§ SUPPLIED ENTRIES
=-=-=-=-=

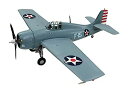 【中古】(非常に良い)童友社 1/72 アメリカ軍 F4F ワイルドキャット 塗装済み完成品 No.8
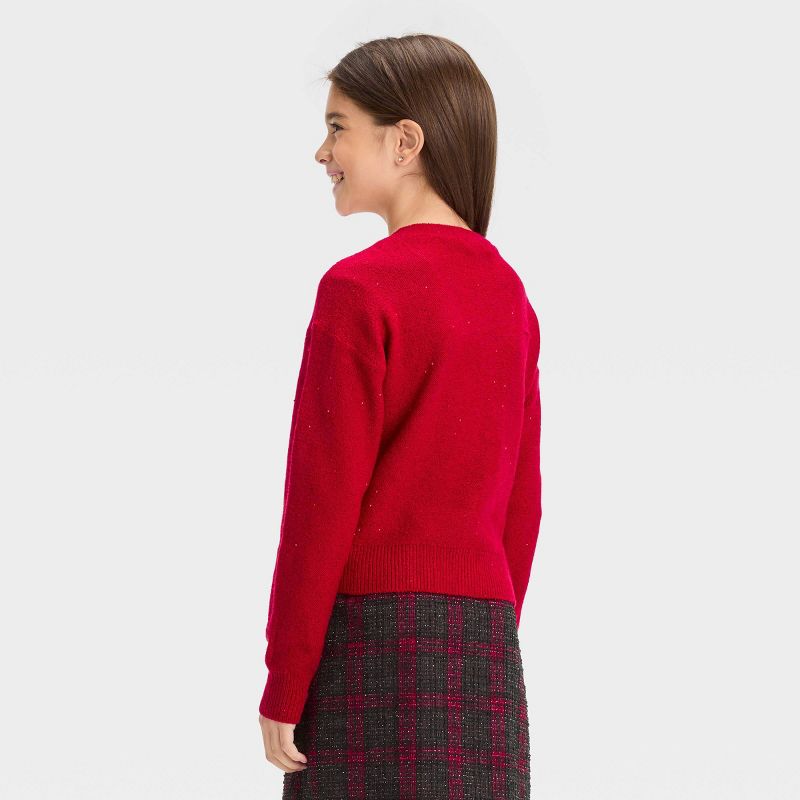 Girls&#39; Sequin Cardigan Sweater - art class&#8482;, 3 of 5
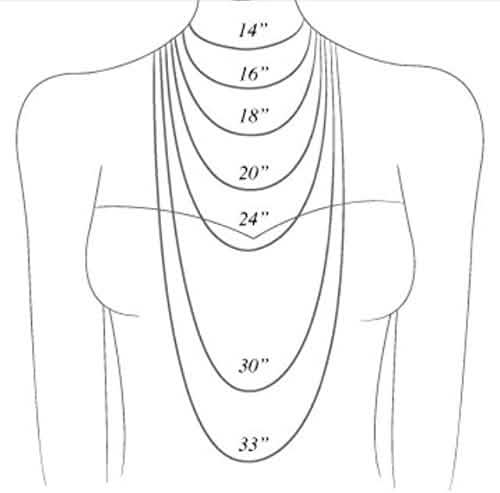 Collier en argent sterling 925 à maillons Marina de 2 mm
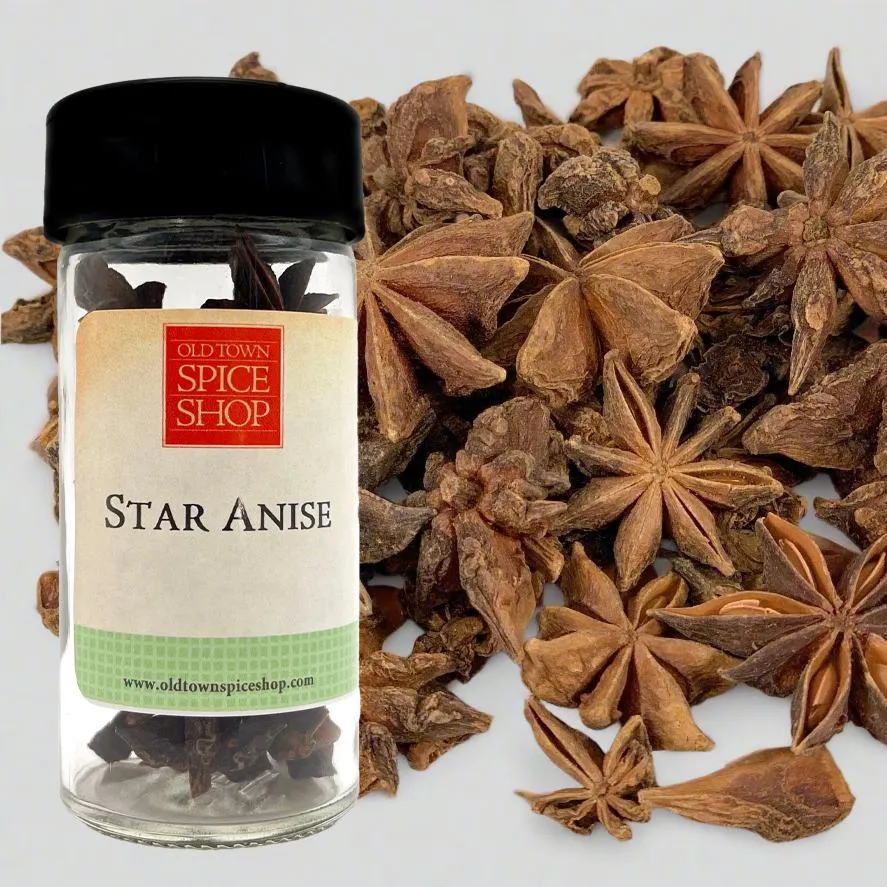 Star Anise, Dried Gourmet Spices - Case of 12 Jars
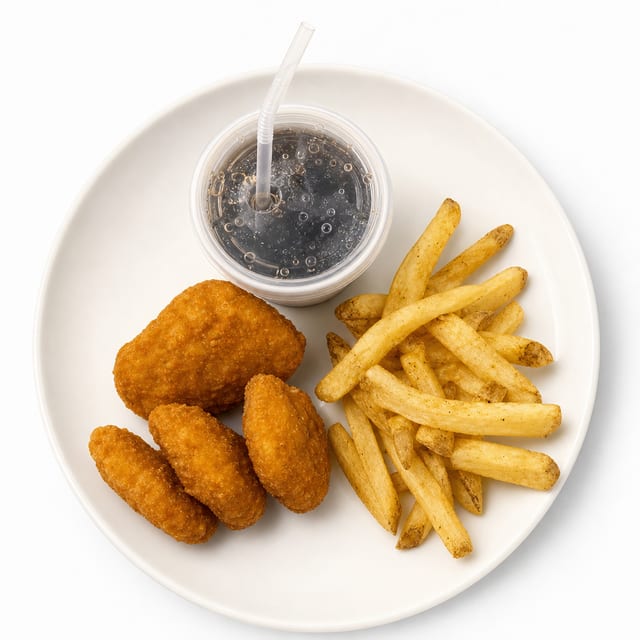 Kids chicken nuggets.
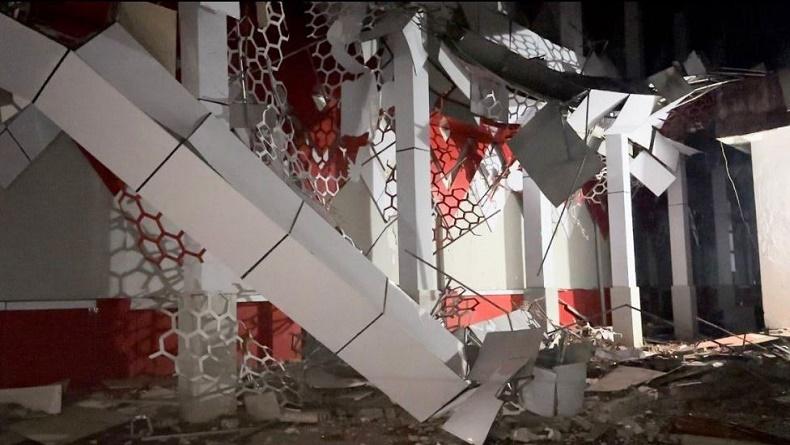 Gedung KONI Manado Rusak Diguncang Gempa, Sekprov Sulut: Hanya Aksesoris Bangunan Bergeser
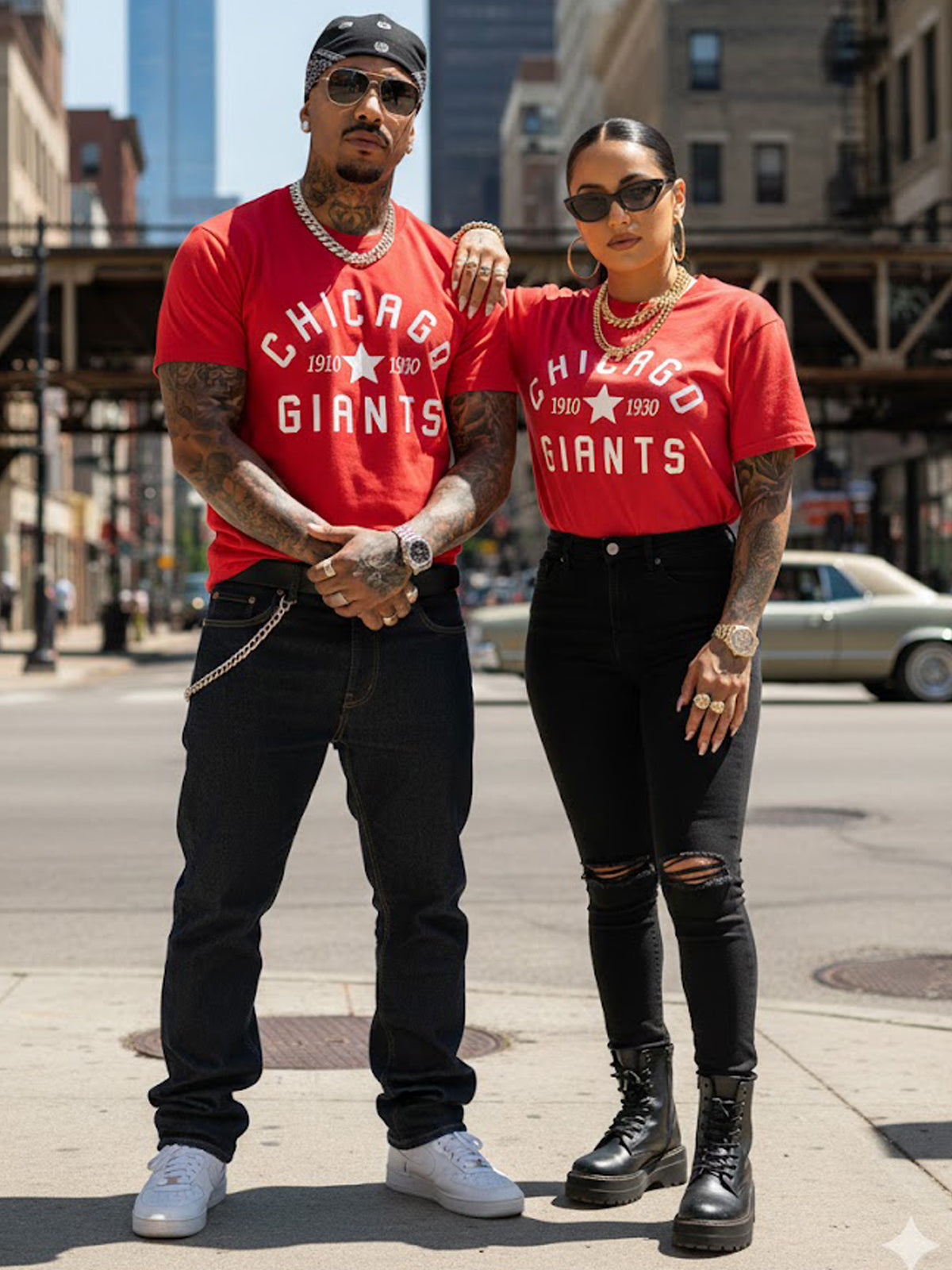 100% Cotton "Chicago Giants 1910-1930" Heritage Baseball T-Shirt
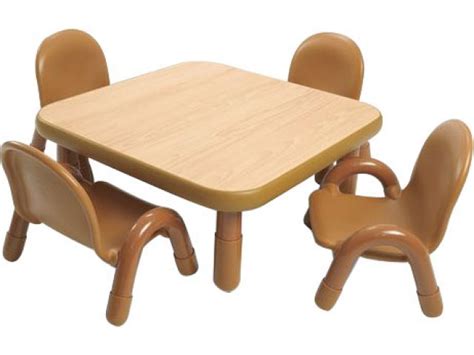 Maybe you would like to learn more about one of these? Square Baseline® Preschool Table with 4 Chairs - Natural ...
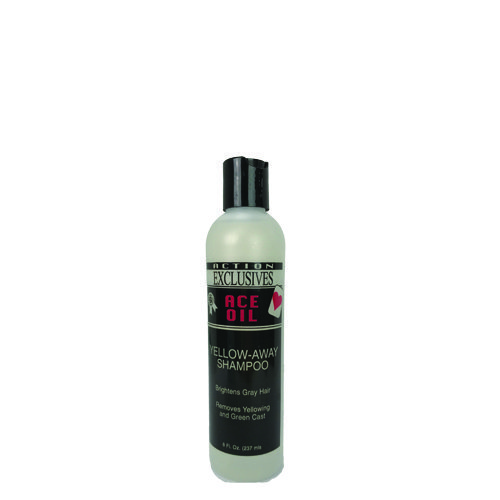 ACTION EXCLUSIVES YELLOW AWAY SHAMPOO 8 OZ.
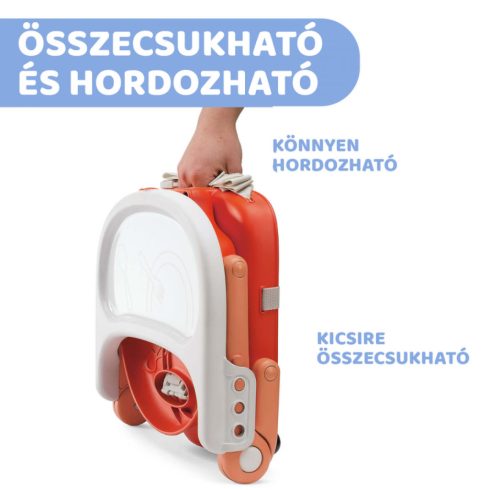 Chicco Pocket Snack székmagasító etetőszék - Poppy Red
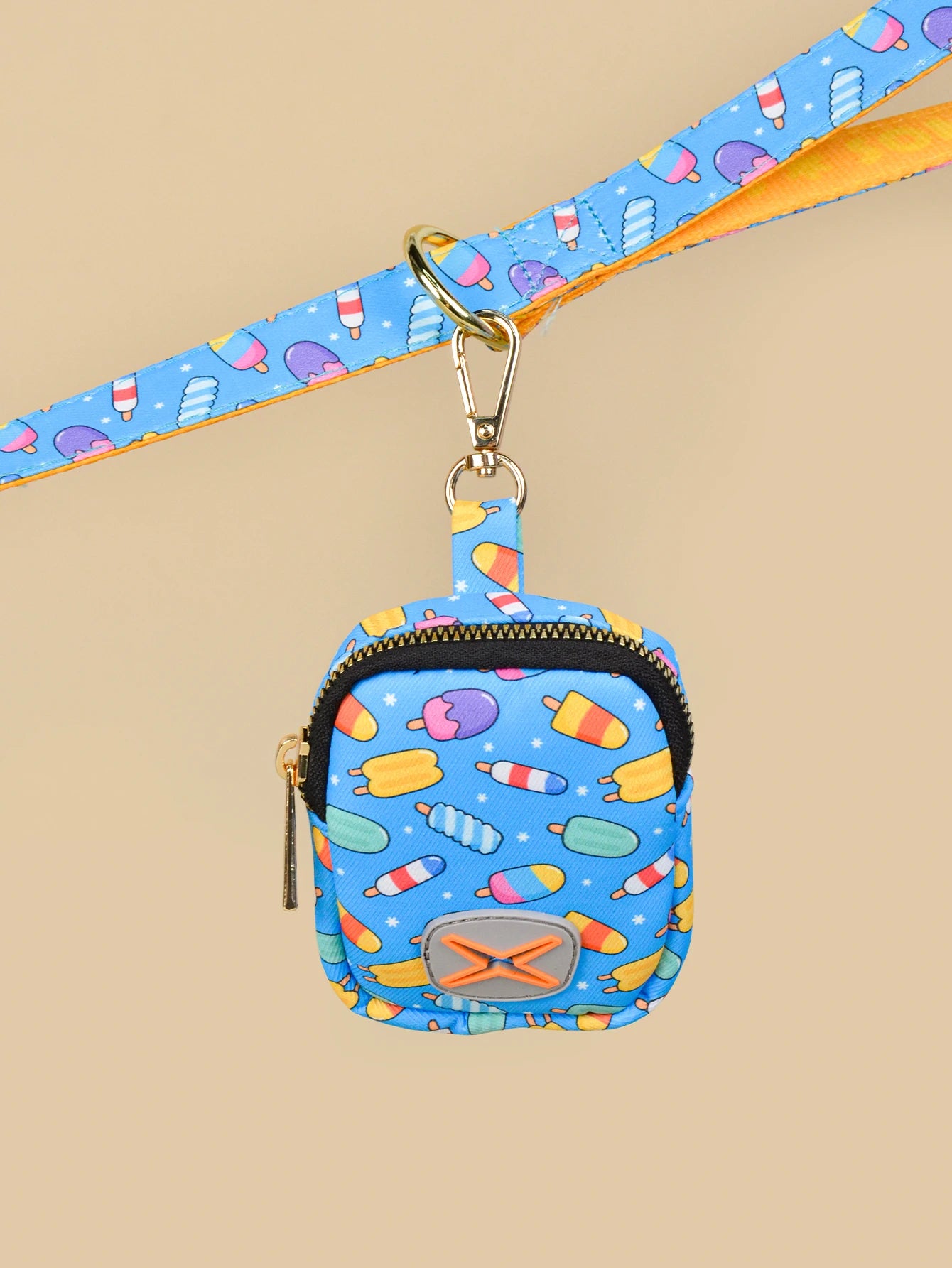 1 Pcs Valentine's Day and New Year's gift For Dog High Quality Designer Cute Pattern Gold Metal Hardward Dog Poop Bag Holder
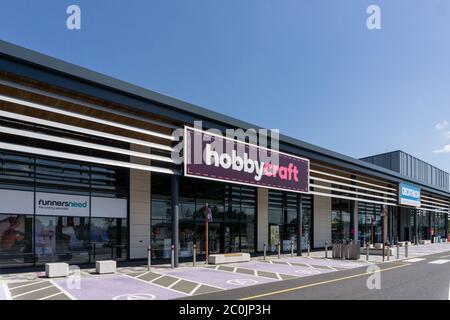 Hobbycraft arts and crafts superstore, Rushden Lakes Shopping Centre, Northamptonshire, UK Stock Photo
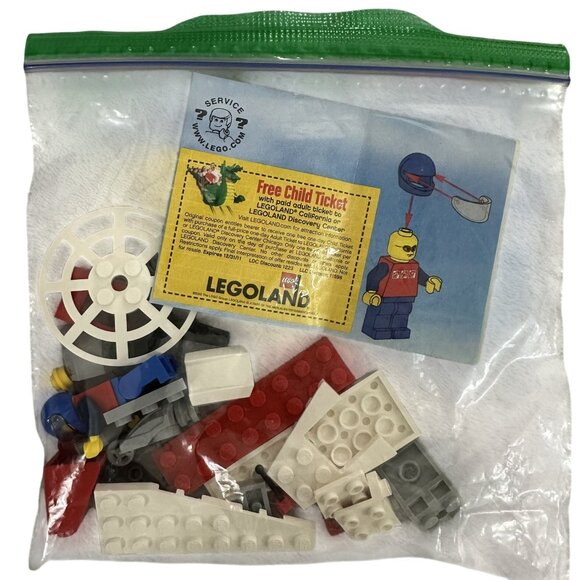 LEGO 30012 City Airport Microlight 100% Complete with Minifig and Manual - Picture 2 of 2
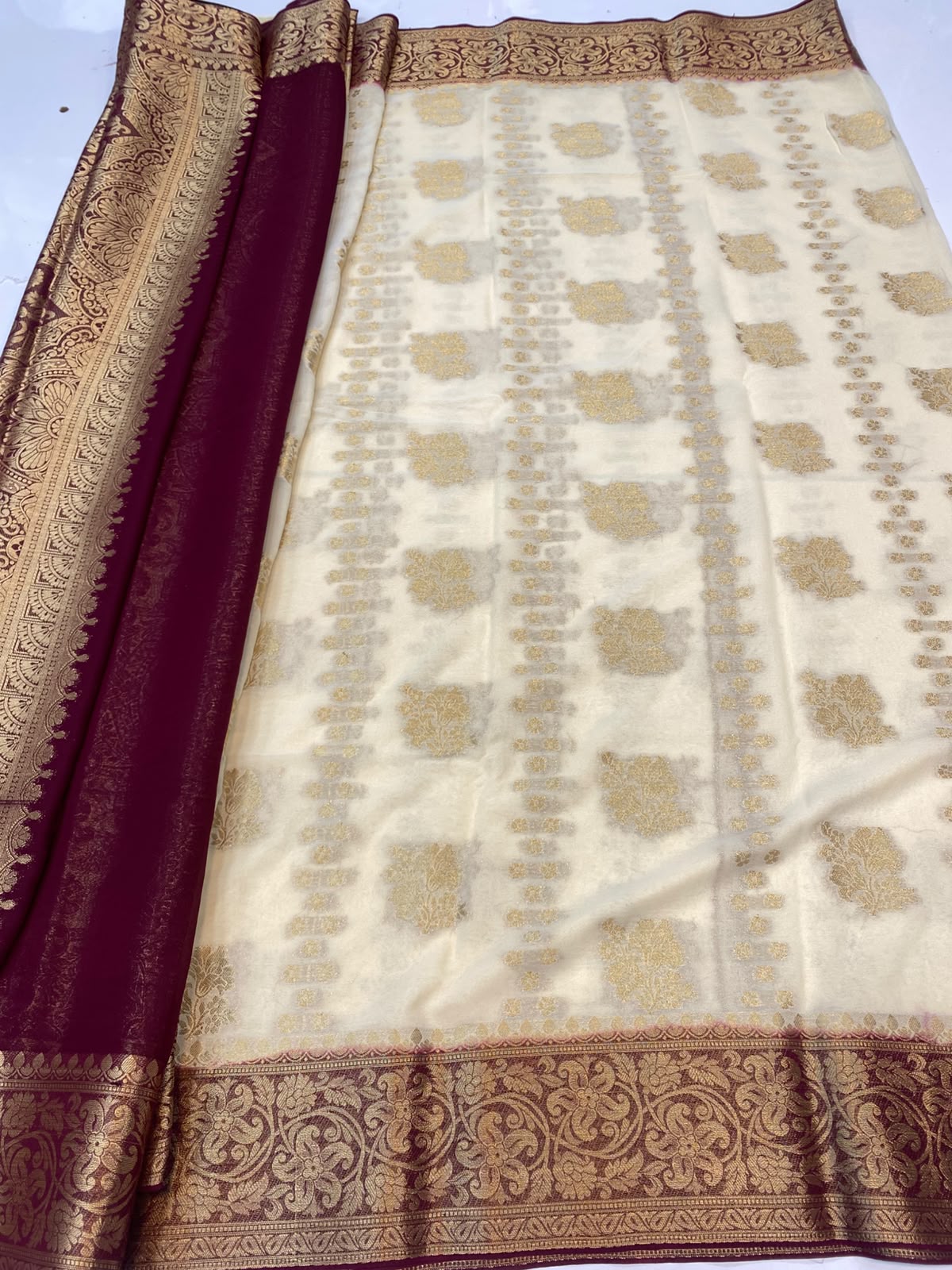 Khaddi Georgette Saree(3493-R24)
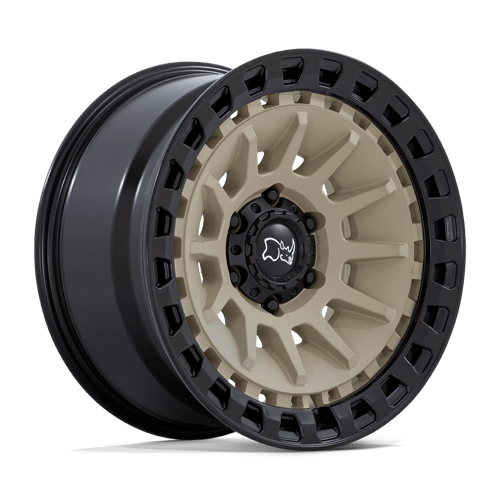 Black Rhino BARRAGE DESERT SAND ON MATTE BLACK 6X5.5 18X9 +0 106.1HB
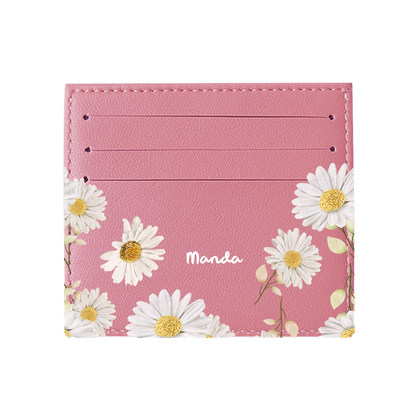 6 Slots Card Holder - October Chrysanthemum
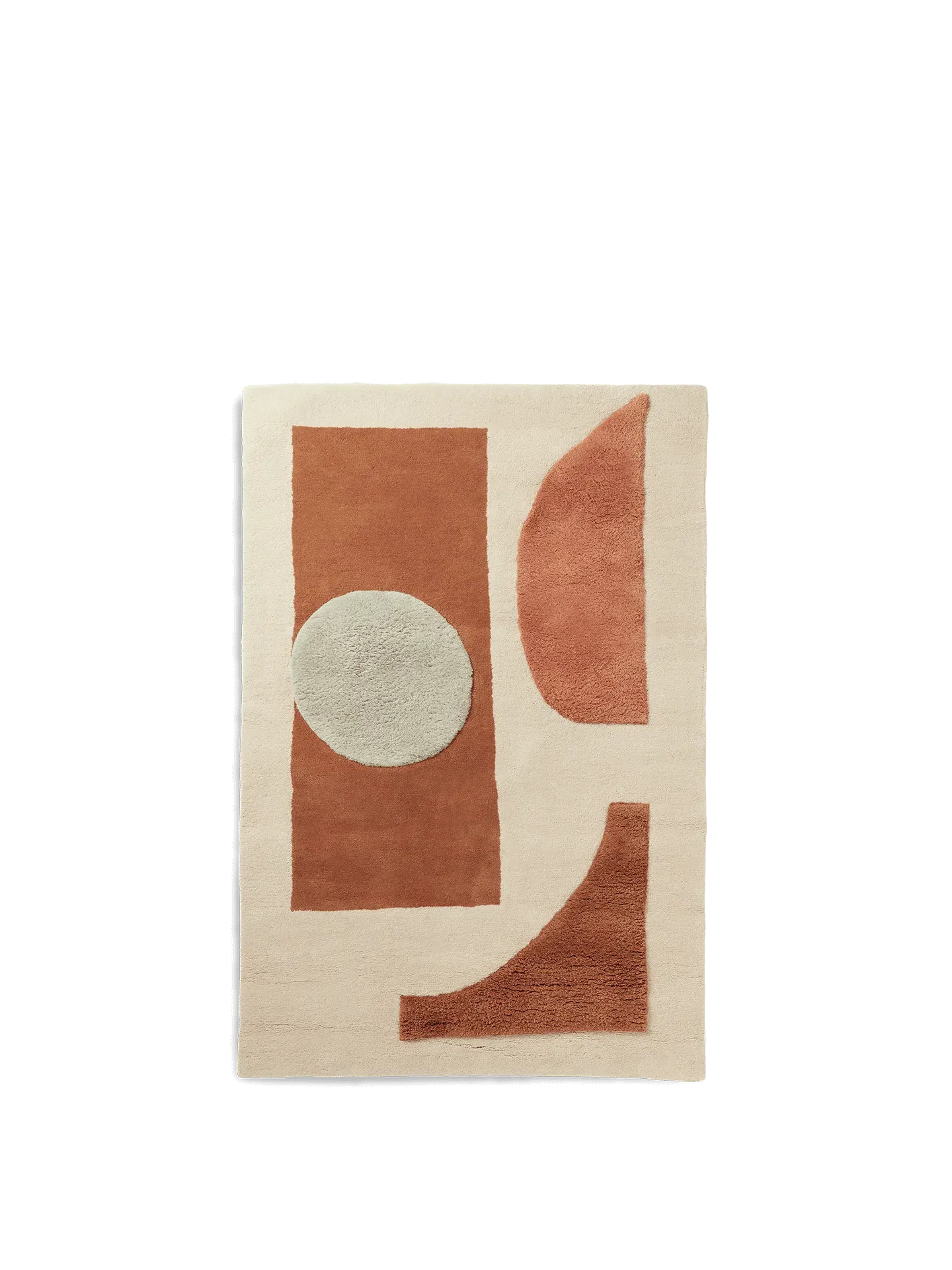 Bloco Tufted Rug - Blush, Off-White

=-=-=-=-=

§ WORK ORDER
Although pictures appear among the records above, none are to be output; print exactly the lines from the line containing "Hobbycraft arts and" through the line containing "Khaddi Georgette Saree(3493-R24)".

§ WRITTEN RESPONSE
 Hobbycraft arts and crafts superstore, Rushden Lakes Shopping Centre, Northamptonshire, UK Stock Photo
 LEGO 30012 City Airport Microlight 100% Complete with Minifig and Manual - Picture 2 of 2
 Khaddi Georgette Saree(3493-R24)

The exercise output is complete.